Another curiosity that my friend Sylvain.D presented to me. A five-cent Napoleon III for the year 1856, minted in Lyon and in brass.

  The color is yellow and there is no doubt, it is brass. After analysis, I think this coin is official. Everything fits, including the reverse die which shows us a right star a little crushed down, common to all the coins of 1856. There is, for me, no element who permit to doubt about the l authenticity of this coin. The diameter is the same as an official coin and the weight is 4.95 grs, therefore quite good, since the coin is worn and the theoretical weight is 5 grams for a bronze coin. The difference in mass between brass and bronze is tiny. Of course, everything also depends on the dosage in the mixture of metals. Finally, I note that the edge is smooth, as for current coins.

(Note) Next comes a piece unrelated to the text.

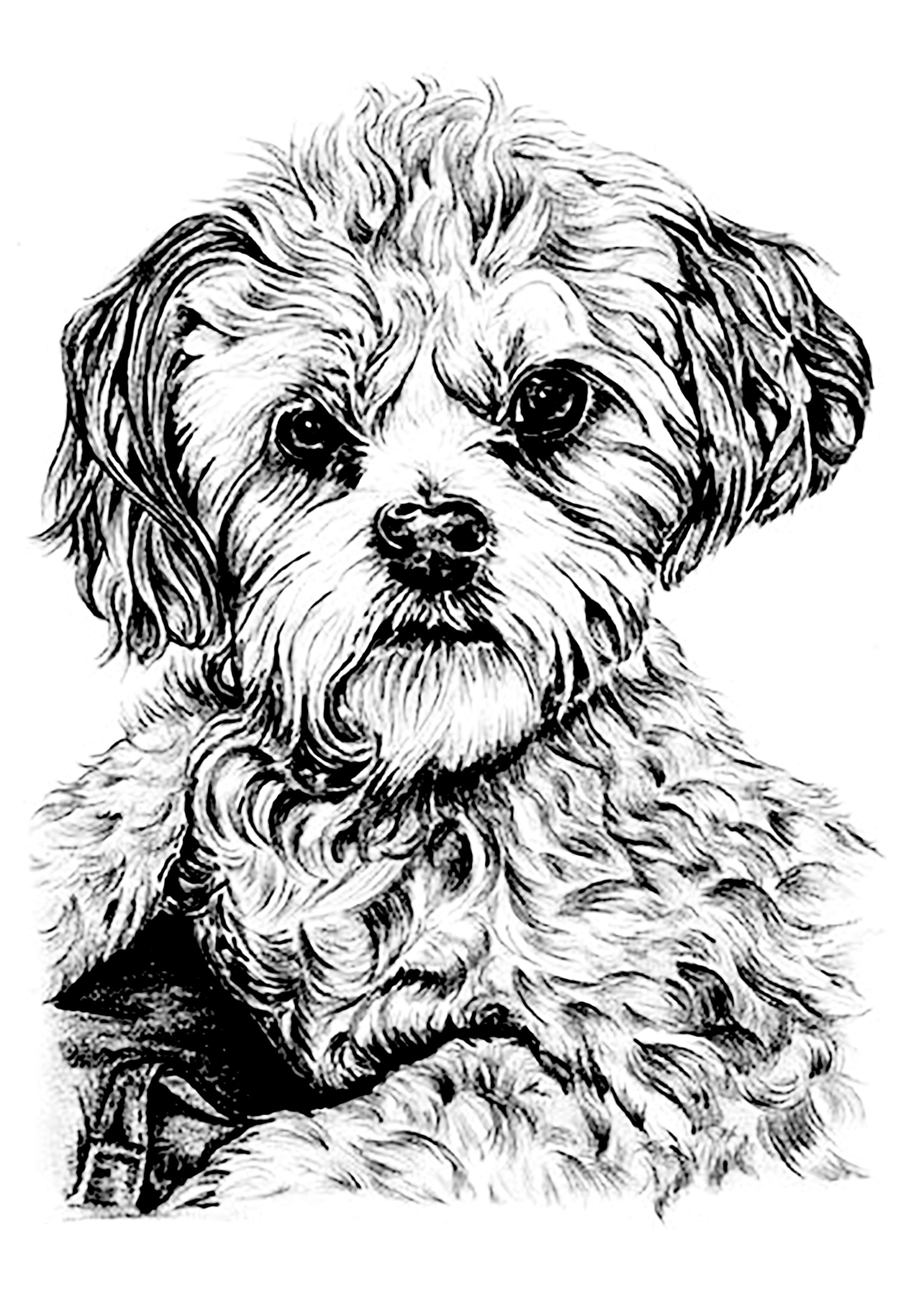 Hard Coloring Pages Of Dogs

  The Gadoury, 1989 edition, page 90, tells us that a essai of 5 cents in brass for the same year 1856 is already listed. But it is a coin marked ESSAI instead of CINQ CENTIMES and ZINC CUIVRE NICKEL instead EMPIRE FRANÇAIS. On the reverse, no difference except that the two mint marks are anchors. The indicated weight, is 4.70 grs. But, we have here a coin having exactly the type adopted on current coins. And as I pointed out, with the same obverse die as the current bronze coins! It seems to me, therefore, at this point in the investigation, that this coin is not a essai because nothing indicates it, except the change of metal and it does not appear to my knowledge, any essai to the adopted type of brass in the registers. A brass blank was probably introduced when minting coins for circulation. In any case, we know that this blank was present in the Lyon mint. This might perhaps teach us more about the origin and location of these brass essai.